HP Exec Hints At February Arrival For WebOS Tablet

A HP executive strongly hinted that a tablet running Web-OS will be unveiled at a corporate event in February

The confusion has lifted somewhat over the possible arrival of a HP tablet running WebOS.

This came executive vice president of HP’s Personal Systems Group, Todd Bradley, used a television interview to all but confirm its appearance at a HP corporate event on 9 February.

In the segment aired, 7 January from the 2011 Consumer Electronics Show, CNBC’s Maria Bartiromo asked Bradley, “Where’s your tablet? You said you’re preparing one to run WebOS. When will this device debut?” To which Bradley responded that HP has a “set of public announcements” planned for its 9 February event, at which it will speak “broadly about the future of WeboS and the breadth of products that [the OS] will enable.”

No CES Unveiling

After that, Bartiromo suggested that the tablets being exhibited at CES – which Bradley, later in the interview, said there are 96 of in all – seem to be “playing catch-up” to the Apple iPad. How, she asks Bradley, will HP compete against the iPad and say that HP’s tablet is better?
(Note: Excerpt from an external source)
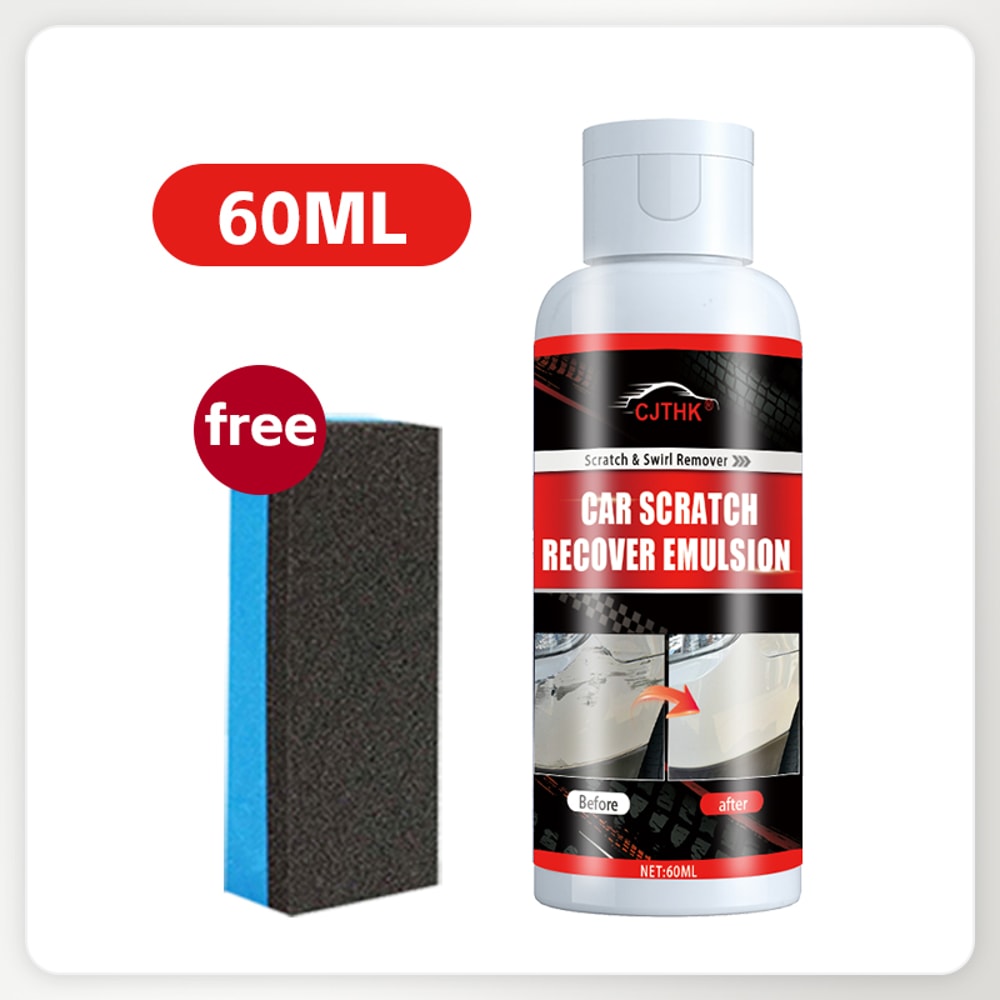 RayHong Car Scratch Remover for Vehicles with Swirl Repair Polish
“You and I will talk about that on the 9th,” Bradley said with a grin, adding that the enormous amount of tablet competition is essentially why HP has put the February event together.

What HP wants to “focus on is the connected experience that we’ll create, not just exhibiting at the show, which is frankly the reason … we chose to do it ourselves in San Francisco, where people can really focus on the quality of the product, the quality of the experience, that we’ve created,” he said.
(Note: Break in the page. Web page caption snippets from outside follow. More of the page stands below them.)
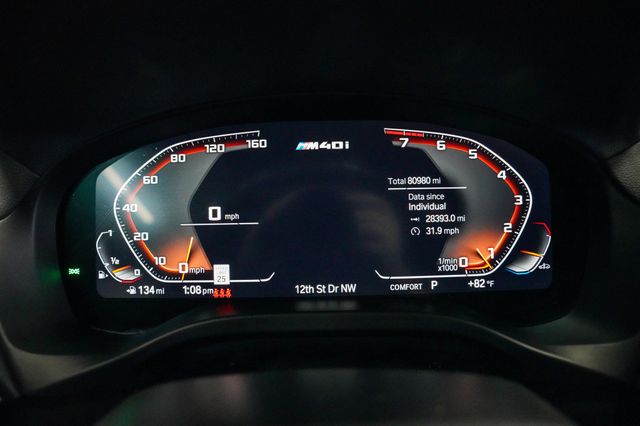 2021 BMW X3 M40i Sports Activity Vehicle - 23037824 - 4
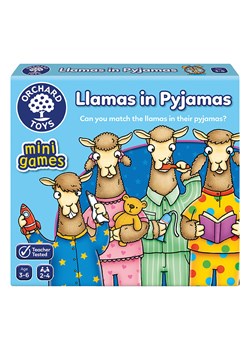 Orchard Toys Układanka &quot;Lamas in Pyjamas&quot; - 3+ ze sklepu Limango Polska w kategorii Puzzle - zdjęcie 173940897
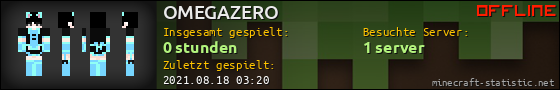 Benutzerleisten 560x90 für OMEGAZERO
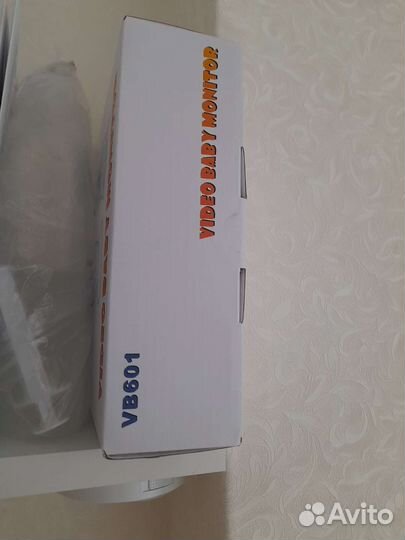Видео няня video baby monitor vb601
On 5 January, HP invited members of the press to a WebOS event, with invitations that coyly read: “Think big. Think small. Think beyond.” The invites prompted speculation that HP might release tablets in different sizes, or perhaps a tablet and a new smartphone. In the CNBC interview, Bradley offered enough to likely keep the rumour mills turning.

Web Experience

Offering a quick explanation of WebOS, at Bartiromo’s prompting, Bradley said, “It’s the first truly web-based operating system that there is, differentiated from anything on the market today. … It’s the only true multitasking operating system, where you actually can have 20 different applications open simultaneously. So as we think about how that enables everything from smartphones tablets to PCs to potentially other large-screen devices” – and here he makes a wide gesture with his hands, suggesting the size of perhaps a flat-screen television – “we see an enormous opportunity for both ourselves and our customers to get the best web experience, the best content experience, that they can.”

Bradley additionally called WebOS the “strategic reason” that HP purchased Palm in July 2010, and roughly since that time there’s been talk of its releasing a tablet with the OS but no details on a date.

Arrival Date

In late 2010, Jon Rubinstein, the former CEO of Palm and now the man in charge of the Palm brand under Bradley, offered the loose timeframe of “early 2011.”

Shortly afterward, BMO Capital Markets analyst Keith Bachman narrowed down the date, during a call with investors 13 December, to March. Having just returned from a trip around Asia to visit with a number of manufacturers, many of which had tablets in the works, Bachman added, “It will be a very crowded market in 2011.”

Also arriving fashionably late to the tablet party are, among others, Research In Motion, with its delayed PlayBook, and Sony, which has nonetheless announced its hope to be the No. 2 tablet maker behind Apple by 2012.

Analyst Ken Hyers with Technology Business Research has told eWEEK, however, that by then, Samsung, maker of the popular Galaxy Tab, and not Apple may be the No. 1 tablet maker – and that Sony will have a hard time besting either one.